A typical Kansas City barbecue sauce is thick and sweet, a complex blend of ketchup or tomato sauce, brown sugar, corn syrup, molasses, vinegar, onion, garlic, hot red pepper flakes, liquid smoke, and sometimes even apple juice. The most typical Kansas City sauce (certainly the best selling) is KC Masterpiece, a brand created by child psychologist turned barbecue mogul Rich Davis. But no survey of Kansas City sauces would be complete without a shot of Arthur Bryant’s sauce, a sharp, chalky, no-nonsense (and not the least bit sugary) blend of vinegar and paprika.
Kansas City is home to one delicacy seldom seen elsewhere. Called "burnt edges" (aka, "brownies"), they are the crisp, charred ends of smoked briskets. (Beware of "burnt edges" that are cut from the center of the brisket-they don’t have the fat content that makes the real edges so damnably delectable). The world’s best burnt edges come from Arthur Bryant’s, the bare-bones grease house immortalized by Calvin Trillin
In Texas, beef reigns supreme. (Where else would you find a monumental bronze sculpture of a herd of steer?) The preferred cut of meat for barbecue is brisket and the preparation is almost Zen in its simplicity, consisting chiefly of time and wood smoke. The wood can be oak, hickory, or even mesquite. As for the time, well, a properly prepared brisket can spend up to 18 hours in the pit, resulting in a pinkish-red tinge around the edge of the meat. This is the smoke ring, a naturally occurring band of color found in meats that are lengthily smoked. Most Texan pit masters don’t even bother to use rubs or mop sauce.

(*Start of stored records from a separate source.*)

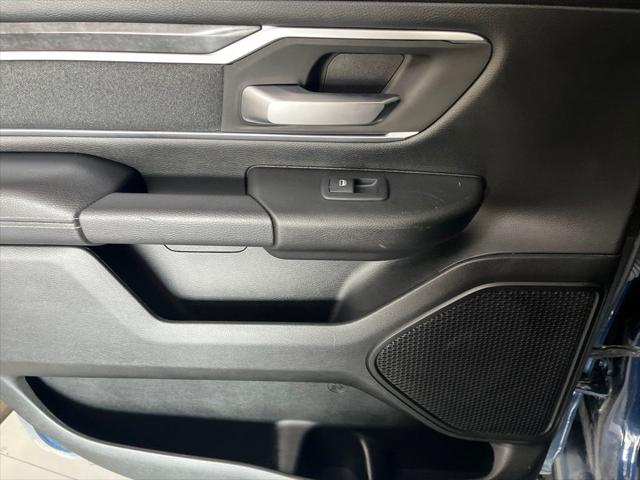2019 Ram 1500 Big Horn/Lone Star Crew Cab 4x4 57 Box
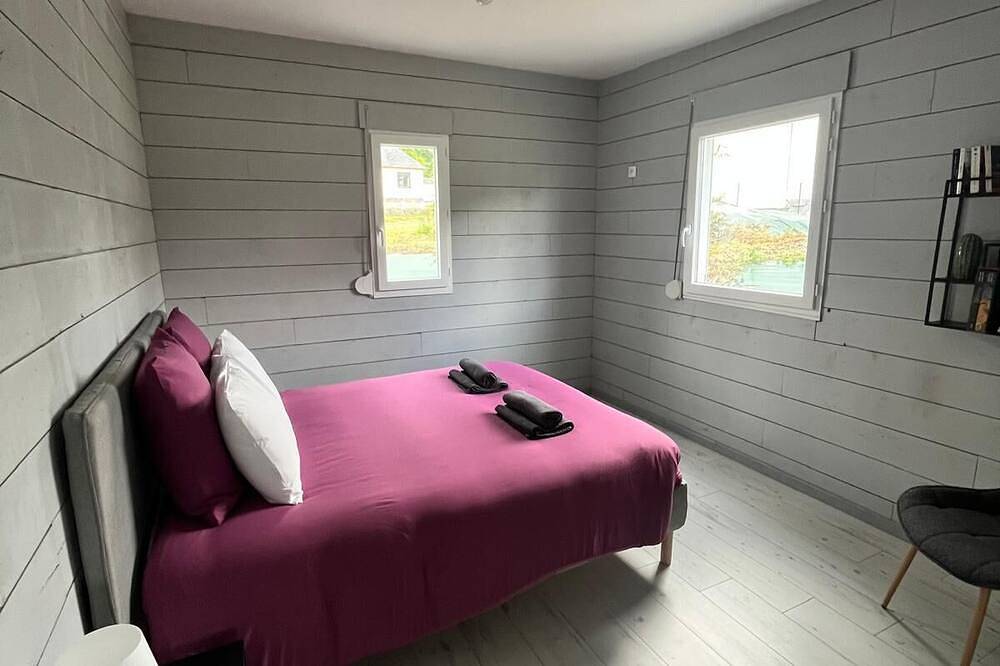 Contemporary house 8 pers Mont Saint Michel - Large plot, terrace & quiet area in Roz-sur-Couesnon, Mont-Saint-Michel Bay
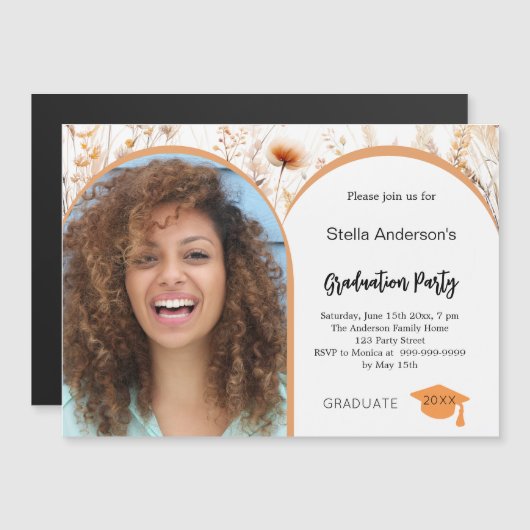 Wildflowers beige fotoboog afstuderen 2025 magnetische uitnodiging (Voorkant / Achterkant)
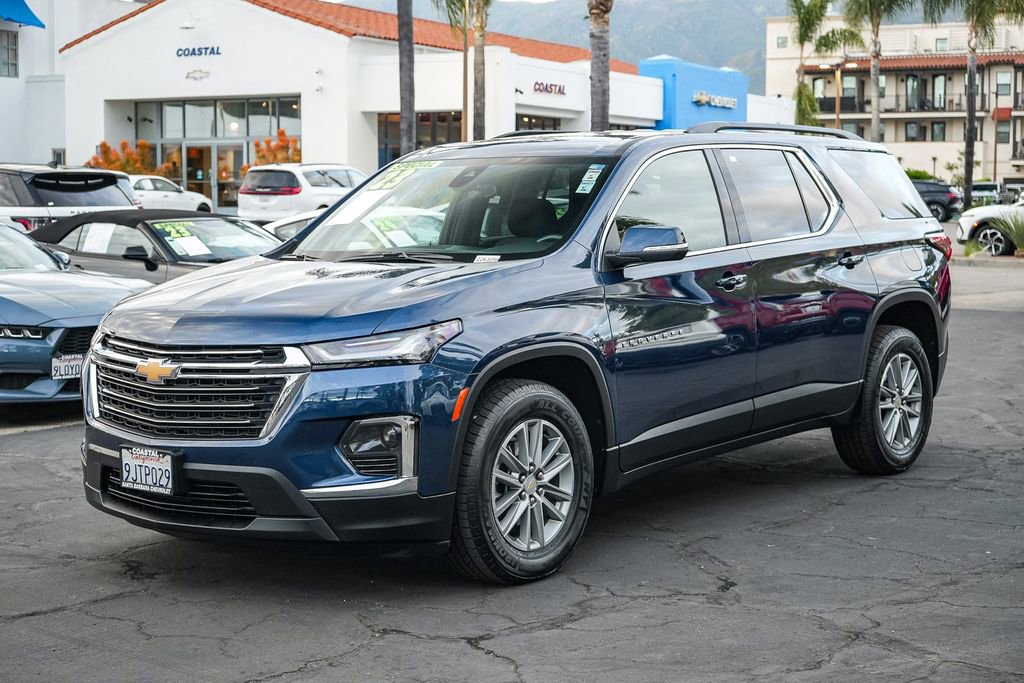 Used 2023 Chevrolet Traverse LT FWD image 3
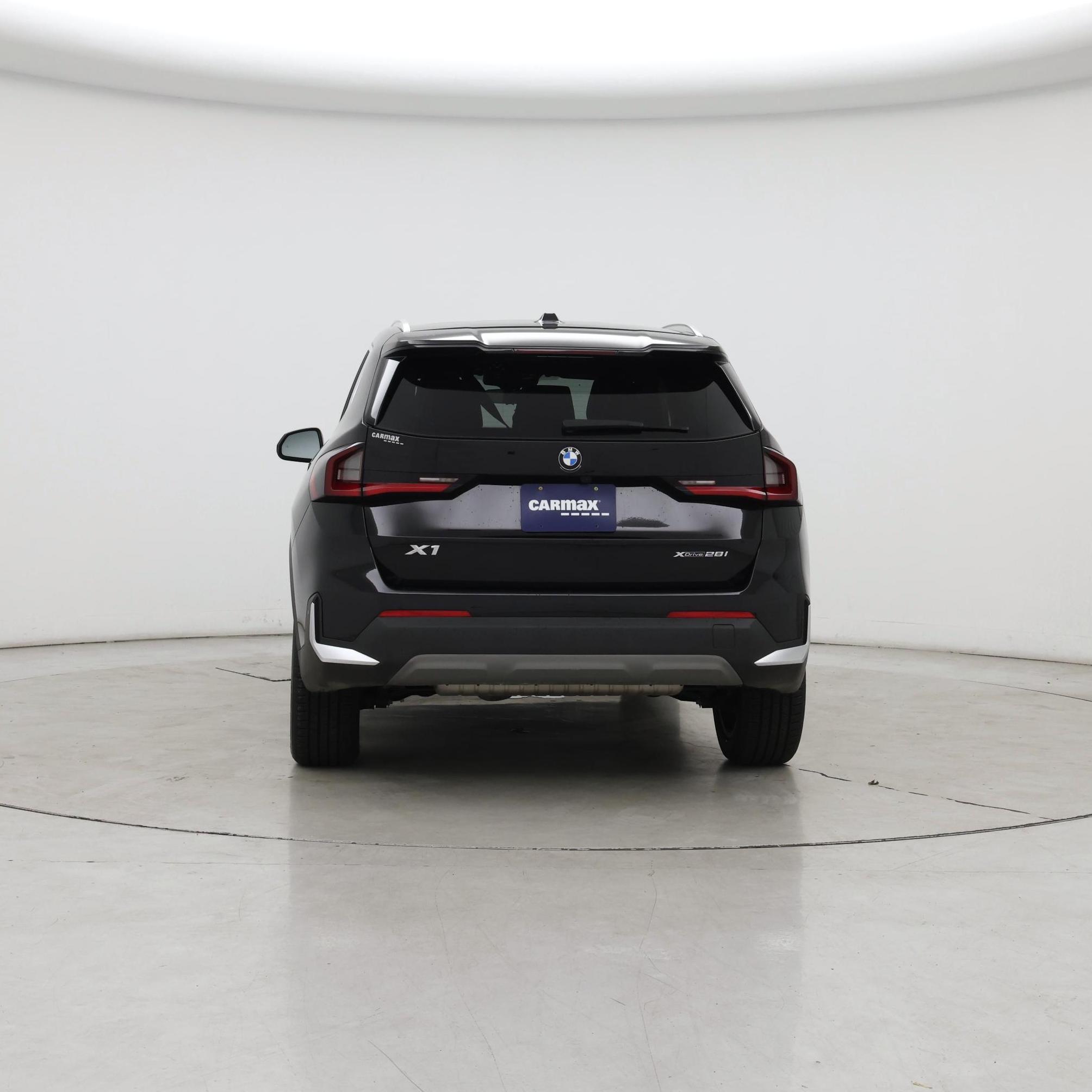 Thumbnail: 2023 BMW X1 - 6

The beef generally comes sliced (not chopped), and it’s more at home on a slice of cheap, soft, white bread than a bun. Texan barbecue sauces tend to be based on tomatoes and chili powder and are rather thin, tart, and vinegary. "We don’t go in for a lot of sugar," says Mike DeMaster, pit master of the original Sonny Bryan’s in Dallas, who gives his sauce its deep, rich flavor by smoking it in the pit.
Just how barbecue came to Texas is a matter of debate. The lengthy smoke-cooking in a pit recalls the barbecue of the Carolinas and Kansas City. The use of beef and mesquite suggest parentage with the carnes asados of northern Mexico. Perhaps both influences are at play.
Today, there are more than 3,800 barbecue joints in Texas (according to the Texas Restaurant Association), and most of them serve ribs, pork shoulder, sausage (jalapeño sausage is a popular item these days), turkey, and other meats.
But to taste Texas barbecue at its best, you’ve got to order brisket.